The one billion dollar query

... or the cost of bad data warehouse design.
(last week an IT resource of one of our customers told me this story.)

Since some time we are working with a customer to improve their data warehouse architecture. The top management of this company has been ignoring the need for data warehouse solutions for at least 10 years. Sure, investments have been made, but always on a departmental or project basis. No one ever bothered looking a the big picture. Different data warehouse architects were present (or not) over time, each using different design techniques. All initiatives have resulted into so called "information silo's". The consequence is a heterogenous mix of copies of operational tables, the thing called 'operational data store', data warehouses of different types and OLAP cubes. The whole of this runs on an IBM mainframe combined with a Windows Server running SAS 9.1.

The result of this data warehouse back-end fiasco, is that end-users within the company have taken things into their own hands and started building their own solutions. Some use Excel to elaborate complex analytical constructions, others have gained near-admin access to the SAS reporting server(s) so they can actually build their own OLAP cubes and reports. IT has lost control of what is going on and currently IT hardly has any feeling with what real business intellingence needs are.

For some time now we've been trying to inventorize all the problems and issues there are today, and what the cost is for the company. A hard task, as many of the costs are hidden. The following "cost example" was a little gem that showed up just because one of the IT guys (girl actually) - who has put a lot of effort in listing out all the issues and costs - bothered to manually monitor user activity for some time.

Apparantly what happened is that a user has/had been running a query, through QMF, on a part of the data warehouse with a particularly bad data model design. The result was a query that used up around 30.000 CPU seconds, running in a job class with top priority and no limitations (in other words, the mainframe administrator believed that that job actually had the right to consume all those resources), so if she wouldn't have stopped it, it would have continued to run (until the user bothered to end it).

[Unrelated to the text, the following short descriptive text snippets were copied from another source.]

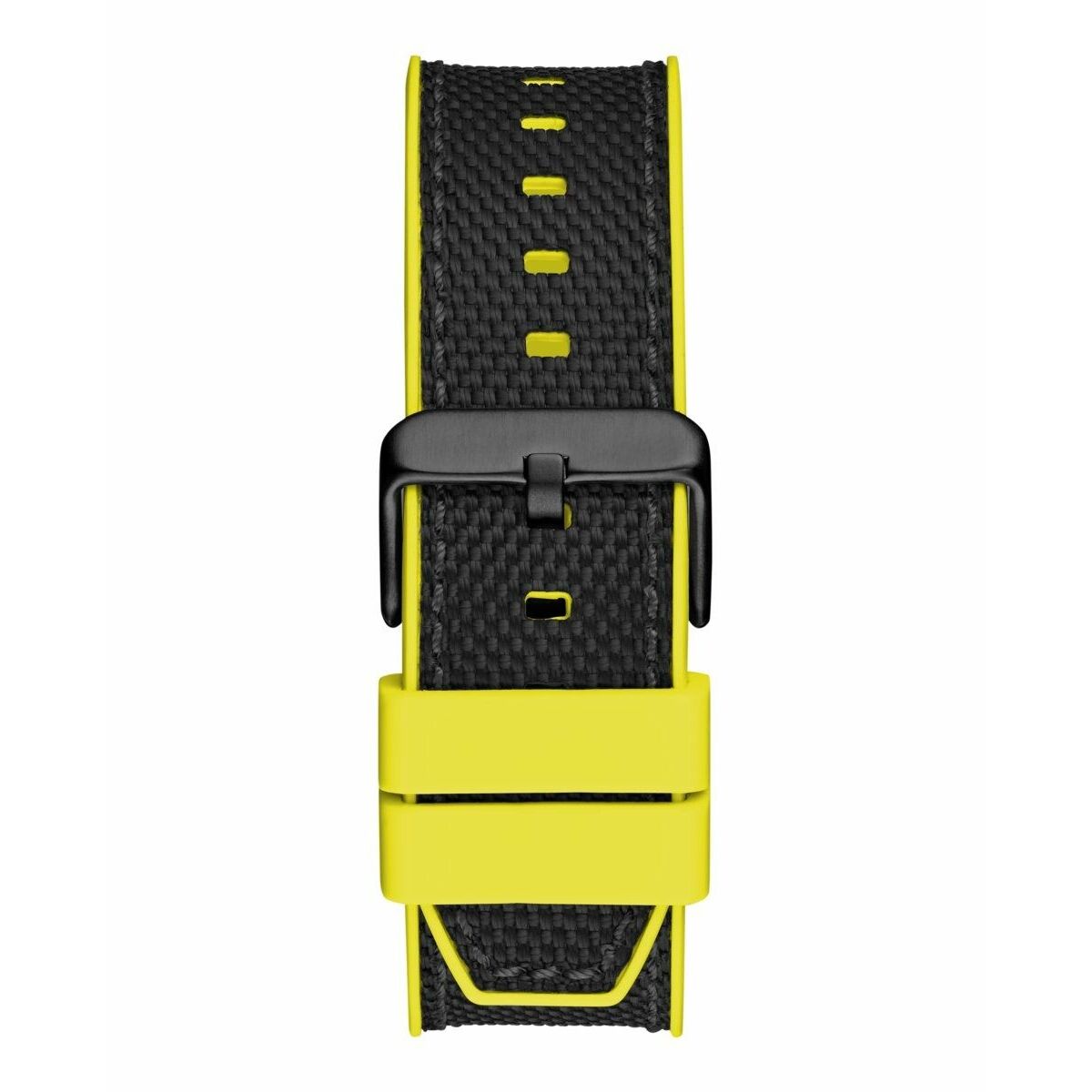 Herrklocka Guess GW0713G2 (Ø 47 mm) - 3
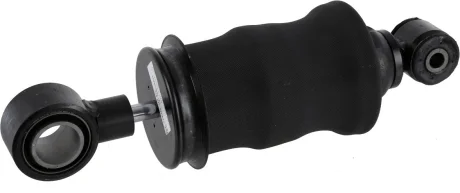 Амортизатор кабины SACHS 318423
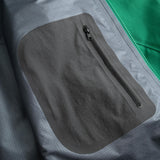 Men's Hornstrandir Gore-Tex Pro Jacket
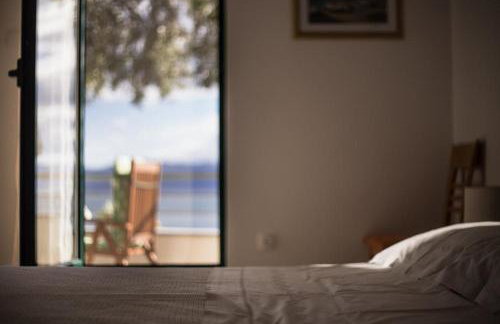 Apartments Ante - Foto 17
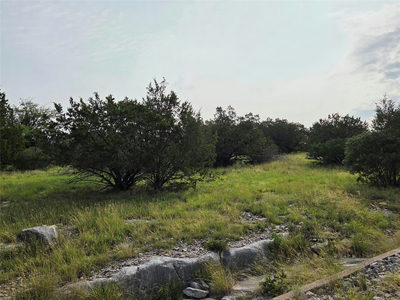LT 14108 South Wind — photo 3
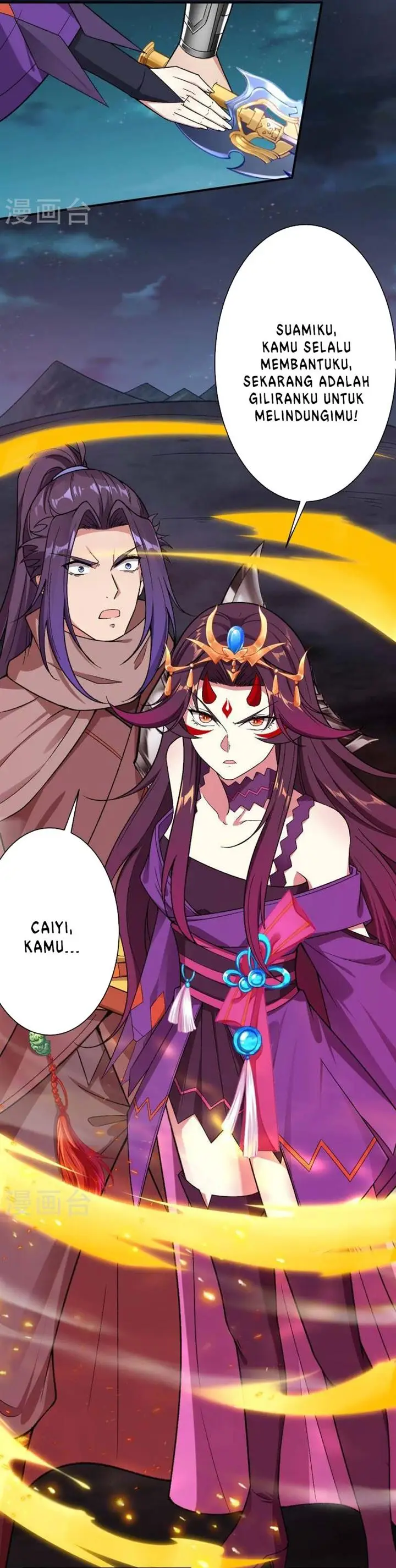image-komik-against-the-gods-chapter-519-9/29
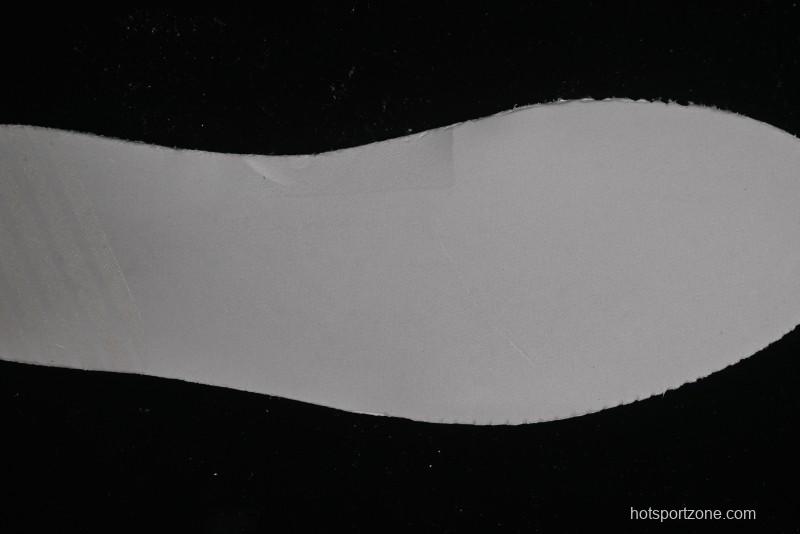 Nike Air Jordan 1 Low OG SP Travis Scott x Fragment Design Collaboration Sneakers - YQ2088-668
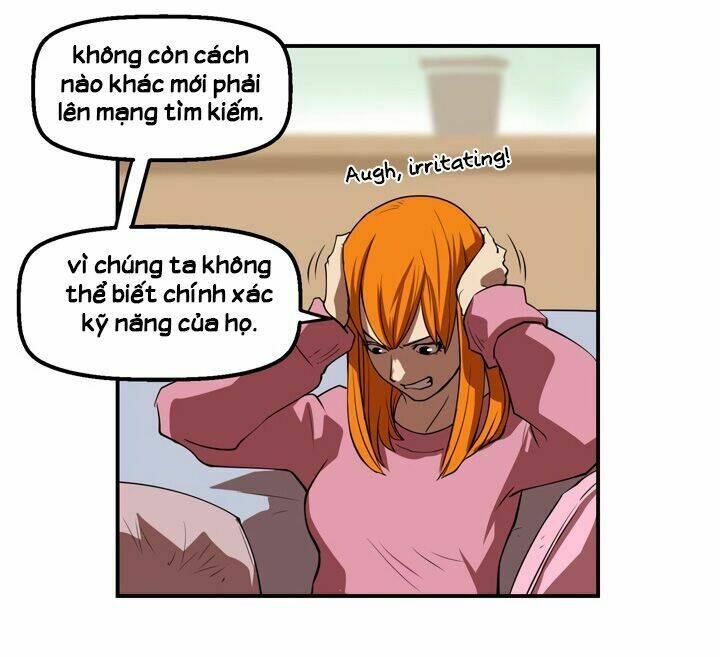 Chương 8 - Trang 55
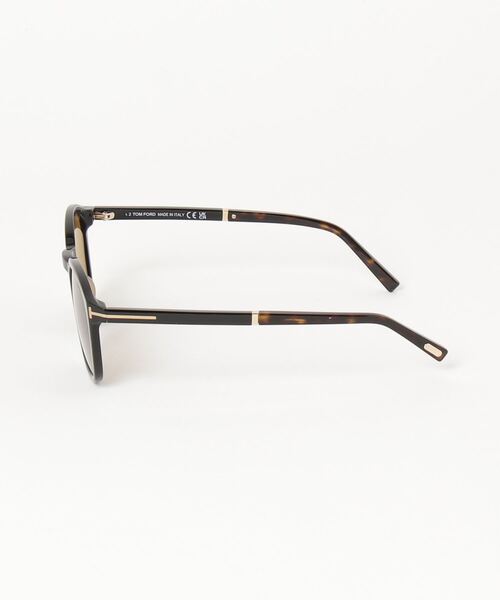 TOM FORDトムフォード サングラスI.702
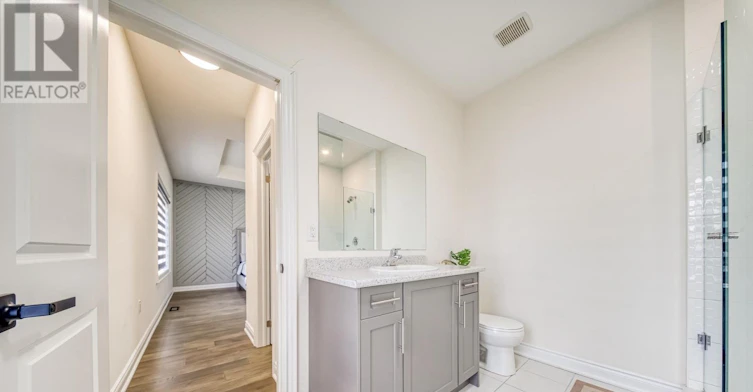 1223 Plymouth Drive, Oshawa, ON, L1L 0T4 - 26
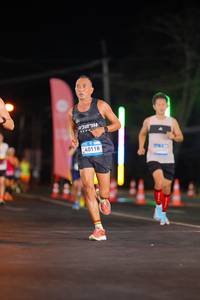 BIB: 
                            <button type="button" onclick="openModal(24163332)" class="btn btn-primary btn-sm float-right btn-popup" data-toggle="modal" data-target=".modal-high-quality">
                        <i class="fas fa-shopping-cart"></i> Add to Cart
                    </button>
                                            <button type="button" onclick="isThisMe(24163332, true)" class="btn btn-success btn-sm float-right btn-popup btn-isme hidden" data-toggle="tooltip" data-placement="bottom" title="นี่คือรูปของคุณใช่ไหม คลิกที่นี่เพื่อเอาเข้าอัลบั้ม">
                        <i class="fas fa-plus"></i> Add to album
                    </button>
                    <button type="button" onclick="isThisMe(24163332, false)" class="btn btn-warning btn-sm float-right btn-popup btn-isnotme hidden">
                        <i class="fas fa-ban"></i> Remove from album
                    </button>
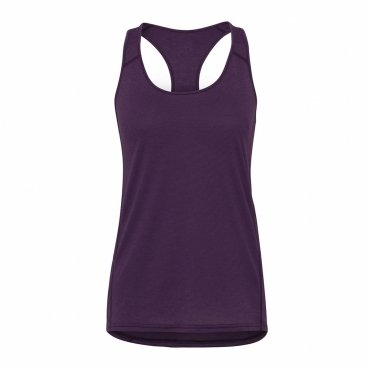 Womens Tank Top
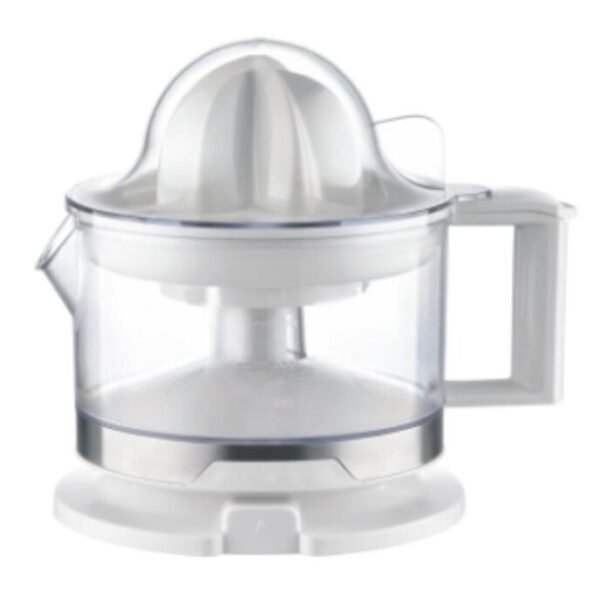 EM-5133 Home Appliance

JOBNAME   STEPNAME  PROCSTEP  JOBID     OWNER    C  SIO    CPU%    CPU-TIME
D003359Q  DB2CQMFB  DB2CQMFB  JOB12332  D003359  R  0.00   15.71   29112.05

I guess, most of you, also the ones that never work on mainframe, do realize that mainframe computing costs are high. So does the customer. They already moved from an "individual mainframe" to a 'hosted mode' in order to save costs. And still their infrastructure costs are high.
 
Anyhow to make a long story short, I called the hosting company, to inquire what might be the approximate cost of this particular query - which ironically never returned any result because we had it killed. I'm not naming any figures, but the number I was given, was as high a the net monthly salary of the IT analyst that discovered the issue.
 
Some inquiry with the users, learned us that they actually launch this (type of) query regularly at the end of the month. They estimated somewhere between 5 to 10 of these queries per month. I leave the maths up to you! Anyhow, I believe this to be good material to go and talk to the management of this company and tell them a story about the benefits of good data modeling and architecture design.